Selon Guinée Conakry Info, samedi et Dimanche, « Des vandales armés de machettes, des loubards munis de fusils et des jeunes aux lance-pierres se sont attaqués aux résidences, aux voitures, aux boutiques et enfin aux personnes, dans une furie vengeresse, au nom de l’UFDG ou du RPG .» Le militant tué dimanche par balle serait un membre du RPG, dont un bureau situé à Hamdallaye, un quartier de Conakry, a été mis à sac. Les forces de police ont dû intervenir en plusieurs points de la capitale pour disperser les manifestants à coups de gaz lacrymogène.

Ces violences ont commencé après l’incarcération du président de la commission électorale guinéenne (Ceni) Ben Sekou Sylla, et de son adjoint chargé de la planification, El Hadj Boubacar Diallo. Les deux responsables ont été condamnés jeudi à un an de prison, suite à une plainte du RPG qui les accusait d’avoir manipulé les résultats du premier tour du 27 juin. A l’issue de ce scrutin, Cellou Dalein Diallo était arrivé en tête avec 43,69% contre 18,25% pour son adversaire Alpha Condé.
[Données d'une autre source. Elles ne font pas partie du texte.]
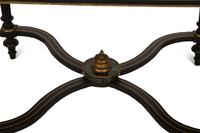 A Napoleon III Style Gilt-Bronze Mounted Ebonized Center Table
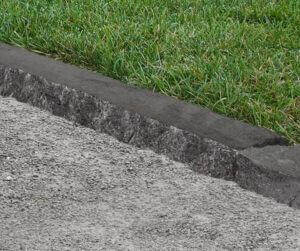 Dark edging stone borders green grass and a pathway.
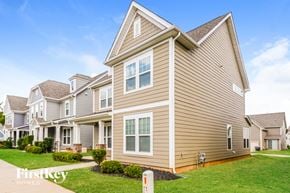 Monroe house for rent - a row of houses with tan siding and green grass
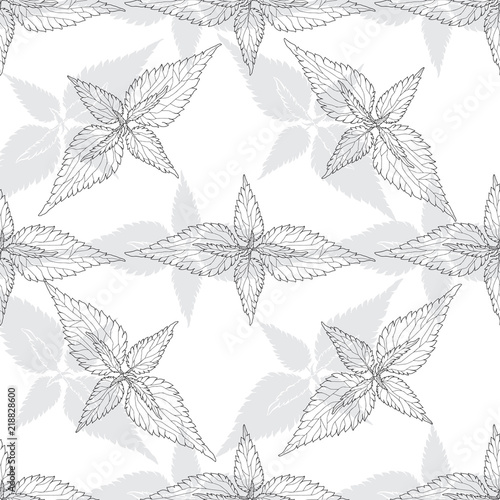 Monochrome floral pattern with leaves of nettle on white background. Seamless background.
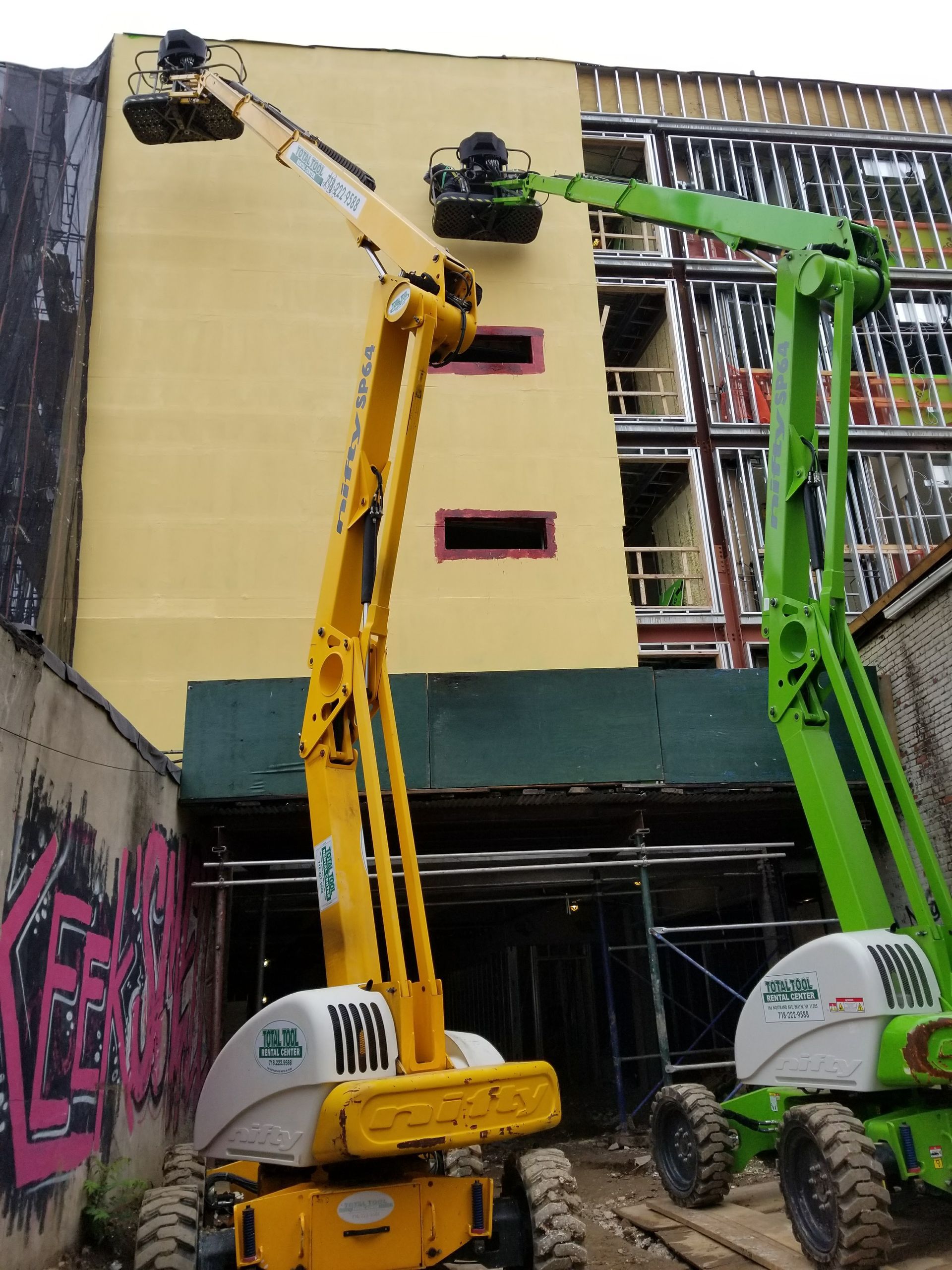 Yellow and green boom lifts near a building with construction, graffiti on the left wall.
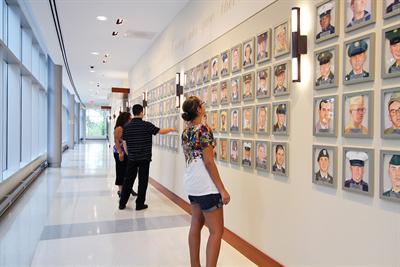 People Looking at Wall of Heroes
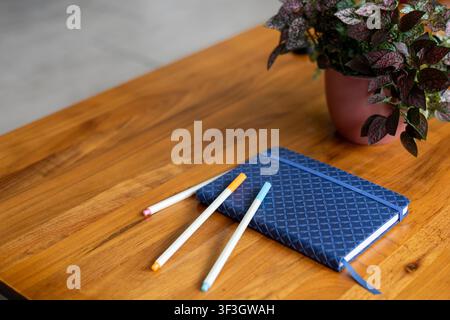Blue notebook with colored pencils arranged on a wooden table, education and creativity concept. Stock Photo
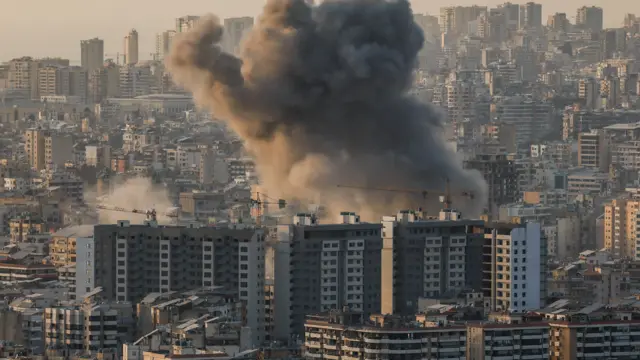 smoke rises above apartments in Beirut after a strike on the city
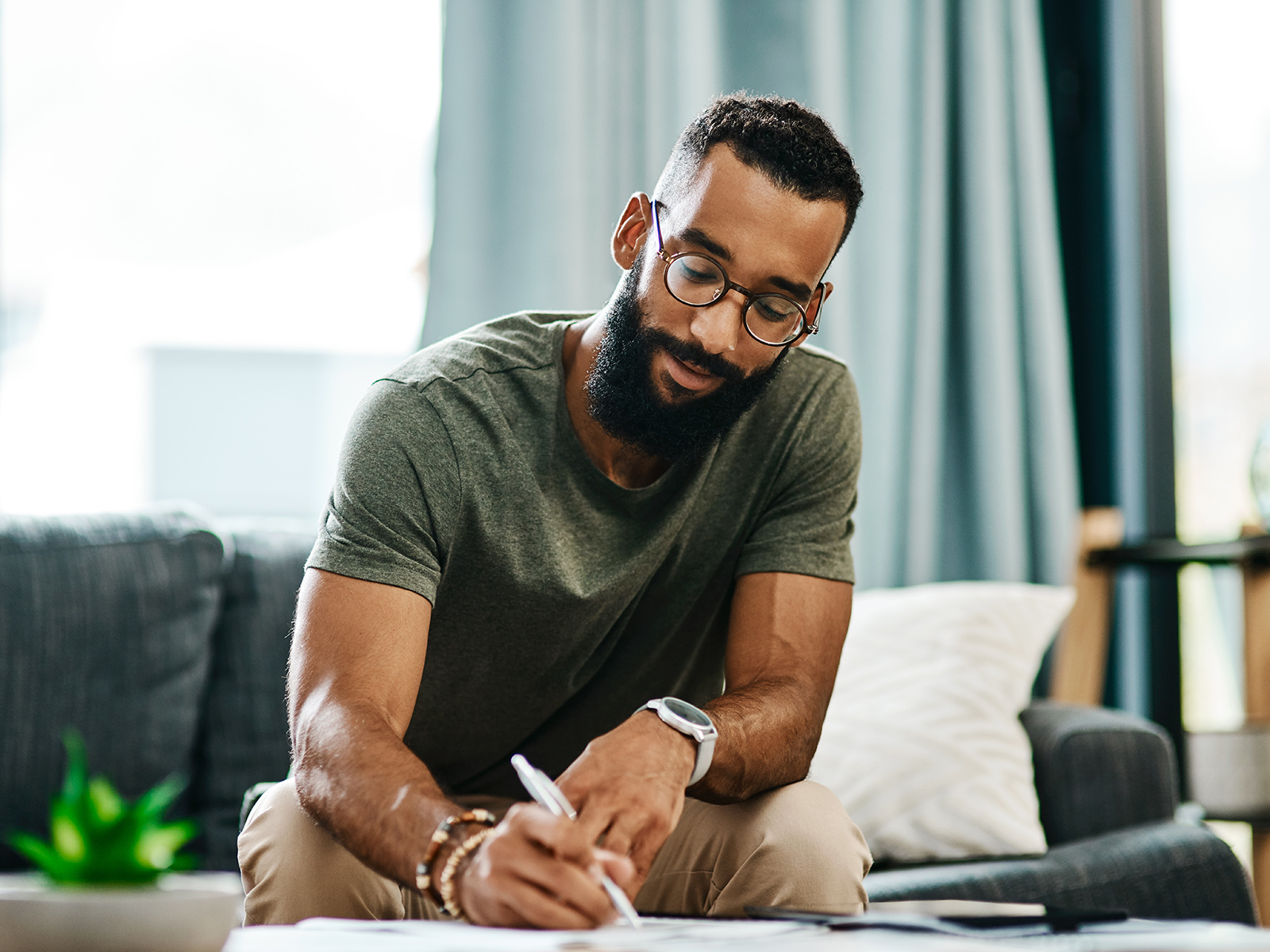 A man sitting on the couch filling out paperwork at a coffee table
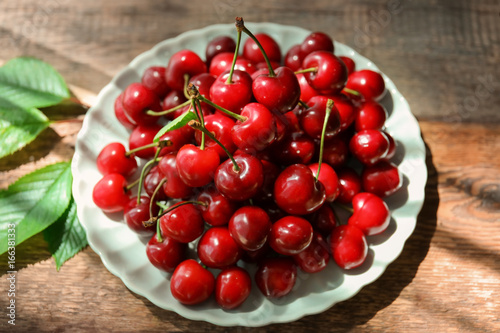 Plate with fresh ripe cherries on wooden background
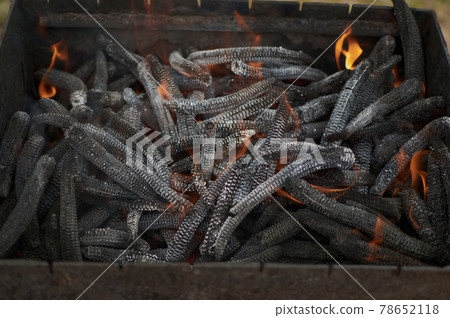 Corn ears in a barbeque fire pit. flaming hot close up Corn ears in a barbeque fire pit. flaming hot close up 78652118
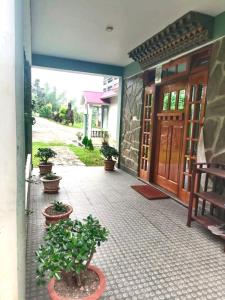 a porch with potted plants in front of a building at Vajrayogini Inn in Pedong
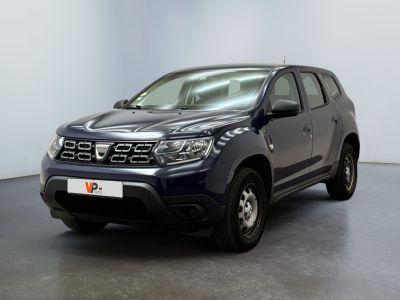 a picture of a blue pick up truck parked in a showroom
La Ceni nie avoir manipulé les résultats du premier tour

La Ceni a nié avoir manipulé les résultats du premier tour de l’élection. Ce samedi à Conakry, l’organisme a tenu une session extraordinaire consacrée à la condamnation de ses deux responsables. Interrogée à cette occasion par Guinée News, un de ses membres a déclaré sous anonymat que l’affaire n’était qu’une « manipulation politique dont le seul but serait de reporter le second tour de l’élection présidentielle prévu le 19 septembre 2010.» A l’en croire, l’incarcération de Ben Sekou Sylla et d’El Hadj Boubacar Diallo est illégale. «La CENI a été mise en place par décret du Président Lansana Conté suite au soulèvement populaire de janvier et février 2007. Il est donc impossible de démettre un membre de la CENI à plus forte raison de le condamner sans que son immunité ne soit levée. Un juge s’assoit dans son bureau pour condamner des membres de la CENI. Sans que ni les accusés ni leurs avocats n’aient été entendus (…) Nous jouissons d’une immunité », a-t-elle déclaré.

Bien qu’ayant suspendu la campagne électorale, le gouvernement provisoire de Guinée n’entend pas reporter la date du second tour de la présidentielle. « Nous ne remettons pas en question la date du 19 septembre », a déclaré à Reuters, le porte-parole du gouvernement, Aboubacar Sylla. De son côté, le président par intérim, le général Sékouba Konaté, a décidé dimanche d’annuler un voyage prévu au Liban, pays dans lequel il envisageait de séjourner jusqu’à ce mercredi.

Depuis la mort du président Lansana Conté en décembre 2008, la Guinée est en proie à des troubles majeurs. La junte militaire qui s’est emparée du pouvoir après le décès du vieux dictateur a consenti sous la pression internationale, à remettre le pouvoir à des civils via l’élection présidentielle.